Il cloud è la nuova rivoluzione industriale

Dedicato a chi misura il Roi dell’It sulla produttività dello staff aziendale: la “nuvola” è la crasi migliore fra Capex e Opex, competenze e dimensioni. Positivi riflessi anche sull’occupazione, ma senza una leadership umana non c’è futuro. Parola di Patrick Kärrberg.

Da outsourcer a cloudsourcer il passo non è breve. C’è una rivoluzione industriale in mezzo. Certo è che il futuro sta proprio lì, tra le nuvole. Parola di Patrik Kärrberg, della London School of Economics, intervenuto al convegno “Virtualizzazione e cloud computing: rischi e opportunità” organizzato a Milano da Beltel e DlaPiper, uno studio legale specializzato.

Per arrivare al cloud, Kärrberg parte da lontano, dalla presentazione di una ricerca internazionale recente fatta dal suo department of management su 209 It decision maker di grandi imprese, che rileva come quasi il 40% delle società misurino il Roi in base alla produttività dello staff aziendale.

Questo in una situazione in cui si possono raggiungere risparmi nei budget che vanno dall’1 al 20% grazie alla maggiore efficienza dell’It.
Come dire che vale sempre più la regola del fare di più con meno, e della esternalizzazione, con un paradigma molto diverso rispetto all’outsourcing, come vedremo di seguito.

Se poi si chiede ai responsabili It quali sono i fattori che incoraggiano un uso più efficace delle tecnologie, la risposta preponderante è una gestione migliore dei progetti It, a seguire l’affermazione di standard tecnologici, e una migliore integrazione delle applicazioni già operanti all’interno dell’azienda.

Tutto questo fa da cappello per capire meglio quali sono le aree nelle quali adottare il cloud: opex-capex, con il cloud a fare da trait-d’union; l’up-skilling e/o il de-skilling; le piccole e medie imprese.

Kärrberg considera il cloud alla stregua di un servizio esternalizzato, che ridefinisce skill e ruoli.
Il cambio di competenze dalla gestione degli skill per l’outsourcing, da una parte, e il cloud dall’altra, è notevole: il primo si basa sull’uso di informazioni e deleghe interne, sistemi di analisi, Service level agreement, design di sistema; il cloud si caratterizza per responsabilità disperse qua e là, livelli di servizio, archettture di sistema, design service-oriented.

Da tutto questo consegue che l’It manager passa da fornitore di tecnologia a “consigliori” per le soluzioni, da interfacce interdipendenti a interfacce modulari, a una gestione del progetto It definito solo ed esclusivamente dall’architettura, e cambia il focus da componenti proprietarie ad architettura enterprise.

Sta qui, lo shift da outsourcer a cloudsourcer di cui all’inizio.
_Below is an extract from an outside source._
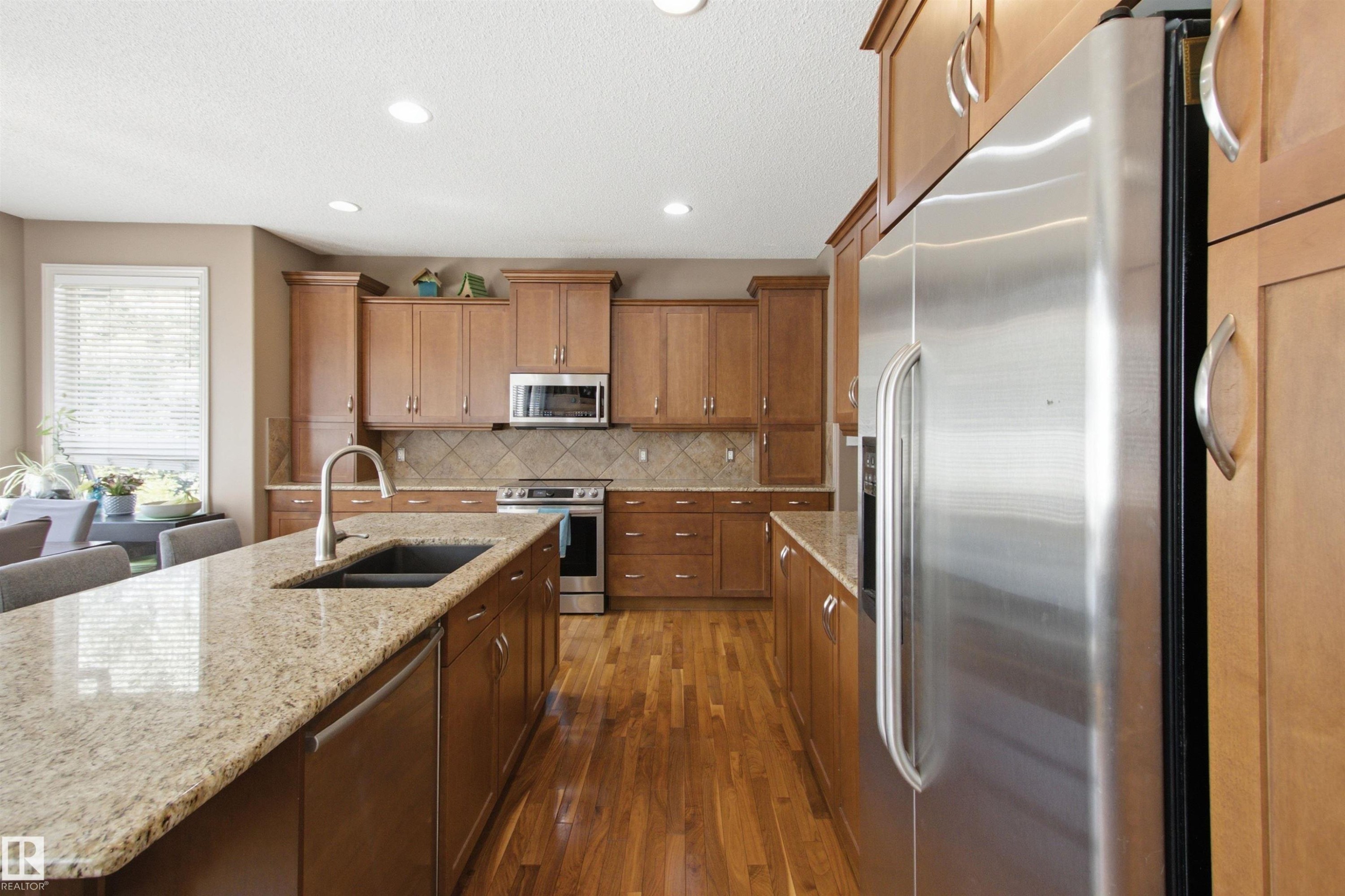 12429 17A Avenue Sw, Edmonton, AB - Indoor Photo Showing Kitchen With Double Sink With Upgraded Kitchen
Kärrberg avverte che senza una “leadership umana” non ci può essere futuro per il cloud computing in Europa.
E dice anche che le realtà più agili costituiranno il fronte avanzato di questa evoluzione, che i servizi cloud potrebbero ridurre i costi causati da guasti e difetti del sistema, che la barriera d’entrata più bassa favorisce l’ingresso delle Pmi ai nuovi servizi.

L’impatto del cloud computing sarà benefico anche per l’occupazione. Per esempio, in Italia nel breve periodo potrebbero crearsi da 35mila a 180mila posti di lavoro, a seconda che la diffusione del cloud sia lenta o rapida.
Oggi, sottolinea Kärrberg, le iniziative più importanti sembrano soprattutto finalizzate a promuovere l’innovazione enterprise. Insomma, al momento il bicchiere è mezzo pieno.